╭─ Data shown
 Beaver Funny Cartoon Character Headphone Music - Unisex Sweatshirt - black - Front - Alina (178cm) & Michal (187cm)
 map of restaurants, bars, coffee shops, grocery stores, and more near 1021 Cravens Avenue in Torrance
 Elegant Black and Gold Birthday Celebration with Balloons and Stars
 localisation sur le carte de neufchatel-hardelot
╰─
╭─ Data shown
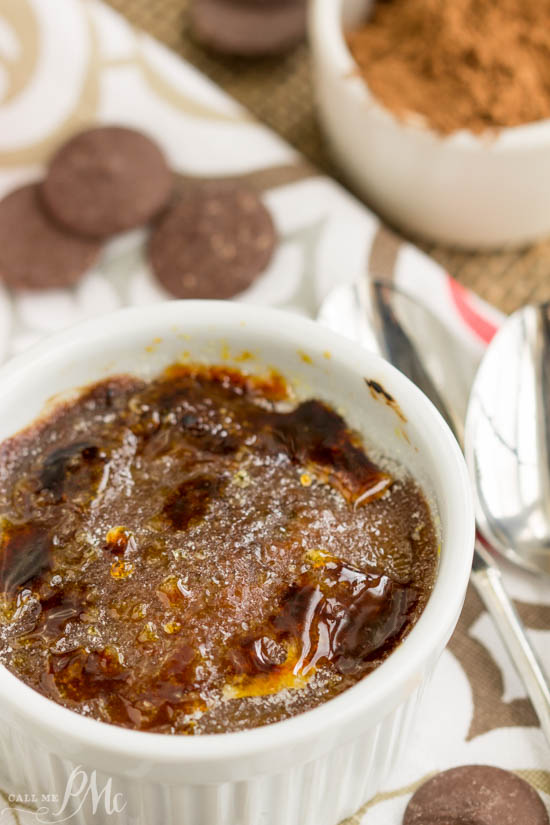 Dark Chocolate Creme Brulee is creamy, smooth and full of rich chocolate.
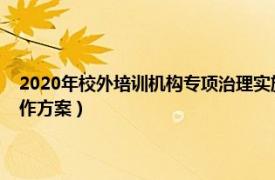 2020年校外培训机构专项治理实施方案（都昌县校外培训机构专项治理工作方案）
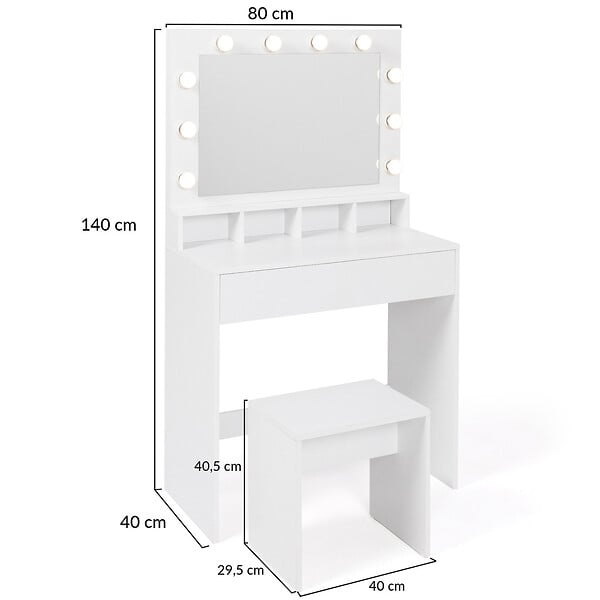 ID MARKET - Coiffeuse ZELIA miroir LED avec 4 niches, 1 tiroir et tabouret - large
╰─
╭─ Data shown
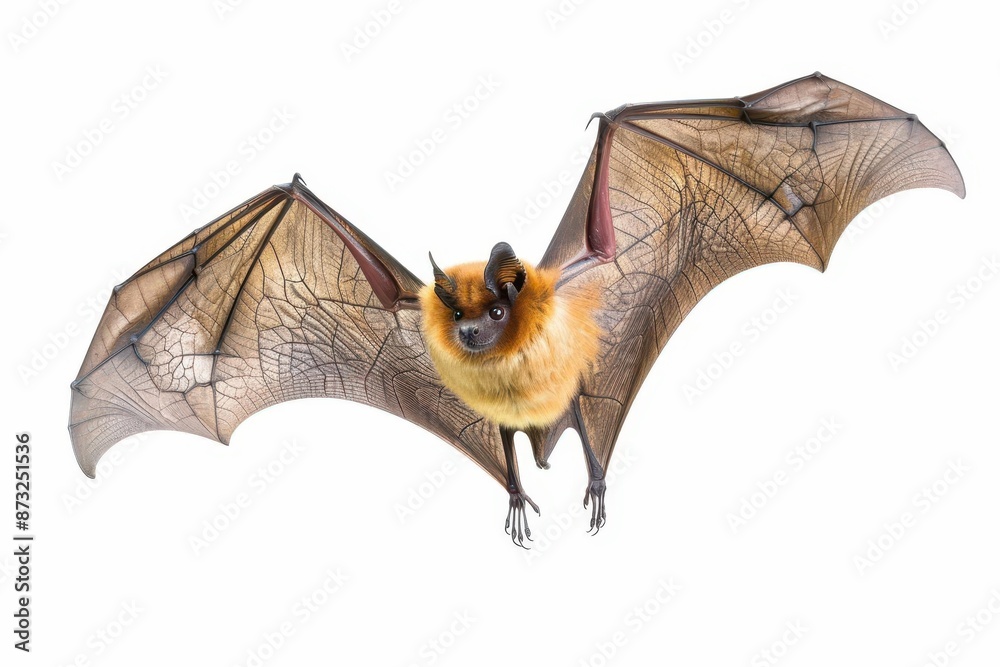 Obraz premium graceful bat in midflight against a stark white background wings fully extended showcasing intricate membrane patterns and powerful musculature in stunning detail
╰─
▸ Problem description:
Going back to the entries above, set down exactly the lines that begin at the one with "Beaver Funny Cartoon" and end at the one with "localisation sur le", both included, and nothing else.

▸ Task output:
 Beaver Funny Cartoon Character Headphone Music - Unisex Sweatshirt - black - Front - Alina (178cm) & Michal (187cm)
 map of restaurants, bars, coffee shops, grocery stores, and more near 1021 Cravens Avenue in Torrance
 Elegant Black and Gold Birthday Celebration with Balloons and Stars
 localisation sur le carte de neufchatel-hardelot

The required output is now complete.